Eran como puentes oscuros que cubrían desde los lagrimales de sus ojos hundidos hasta la parte de arriba de esos pómulos tan marcados. Como caminos intoxicados de toda la miseria de esta realidad. Apenas era capaz de comprender de dónde habían salido aquellas ojeras que rodeaban los ojos de mis padres, ni por qué yo carecía de ellas. Todo el mundo las tenía ahora, era como si formaran parte de una moda, y con ellas también venían las frentes hundidas, los pasos lentos y la delgadez extrema. 
Pero yo no, yo seguía como siempre, mientras veía como todo a mi alrededor perdía su vitalidad natural. Todavía me preguntaba dónde estaría ella, qué habría sido de sus pequeños pies de niña y de esa inteligencia que me superaba con creces a pesar de su corta edad. No lo sabía. Yo ya no sabía nada.

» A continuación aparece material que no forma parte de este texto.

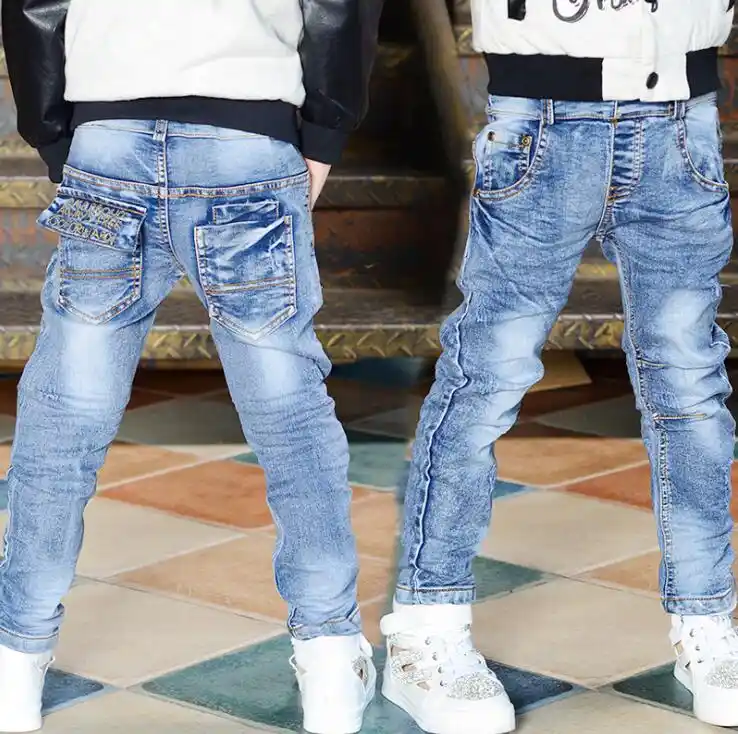 boys in skinny jeans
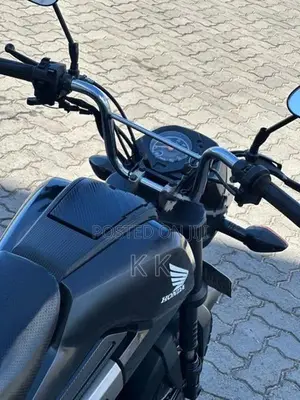 Honda Navi 2017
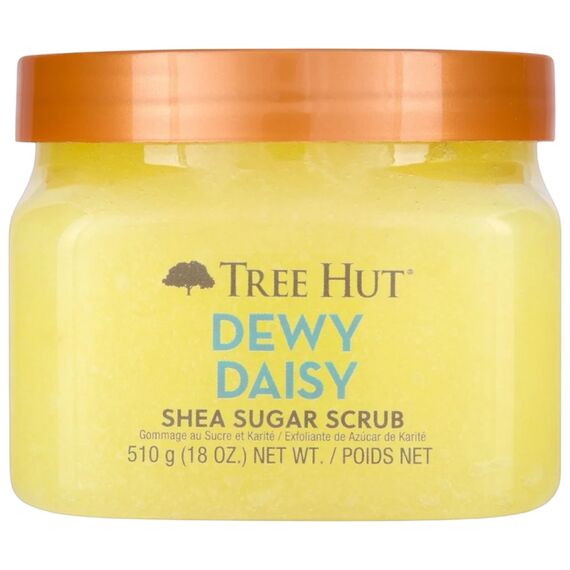 TREE HUT Shea Sugar Scrub Скраб для тіла Dewy Daisy, 510 г, image _ab__is.image_number.default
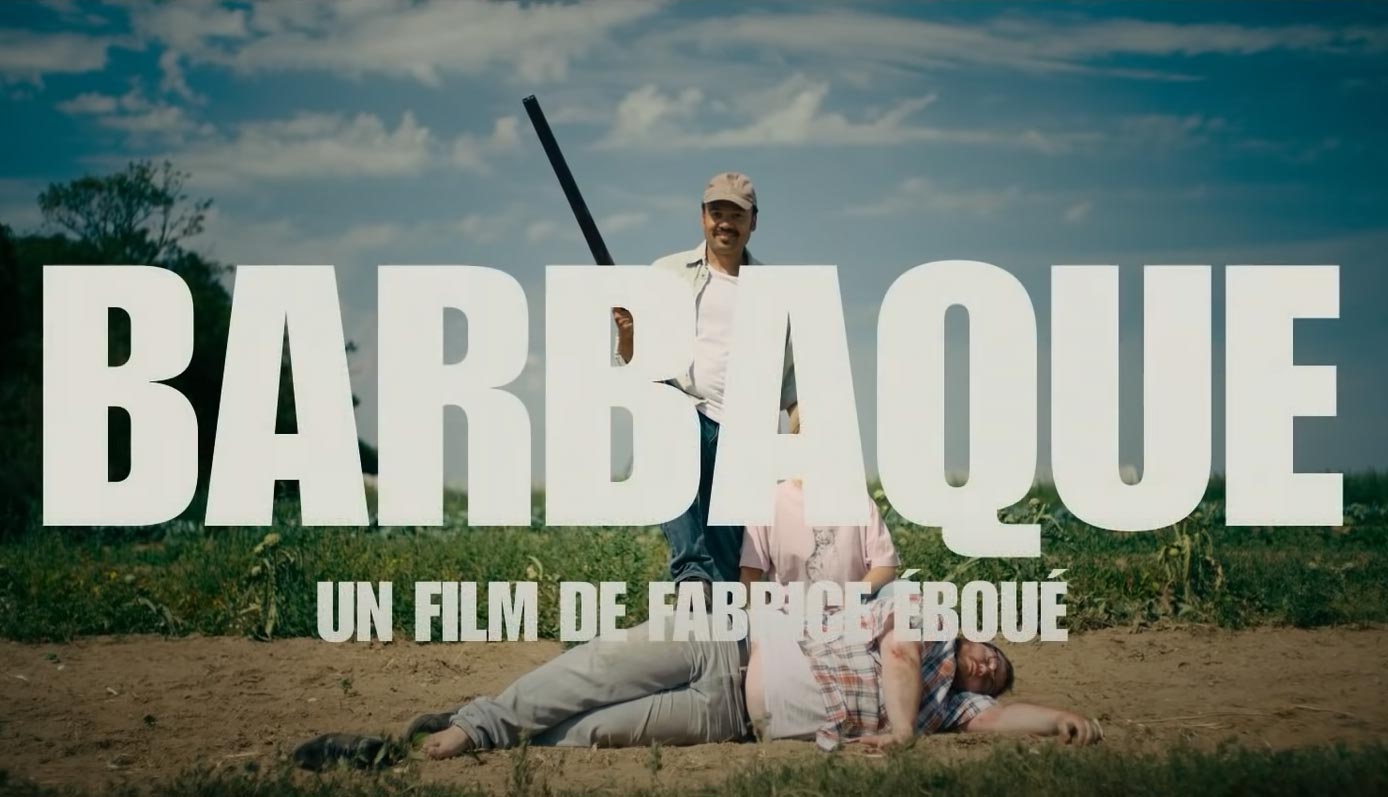 Barbaque : le nouveau film sur les bouchers et les vegans avec Fabrice Eboué et Marina Foïs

Estaba allí, en la casa donde me crié, sentado en una butaca que antaño había sido clara con líneas y puntos de colores tostados, construyendo pequeñas formas que yo tantas veces había imaginado que eran naves espaciales de apariencias ininteligibles. Me imaginaba como el único capaz de comprender esas simbologías, el único que podía entender la realidad de esas naves espaciales que escapaban de los pliegues de la butaca una vez caída la noche, y que marchaban durante esas horas oscuras a realizar misiones de las que casi siempre salían victoriosos, para luego volver a entrar en el tejido blanco antes de que el sol saliera por el este. Eran como héroes silenciosos, salvaban vidas de papel sin que nadie supiera de su existencia, salvo yo, claro está, y salvo ella, de vez en cuando. Aunque ahora ya no, porque ya no estaba. Pero ya no importaba, porque ya no tenía color.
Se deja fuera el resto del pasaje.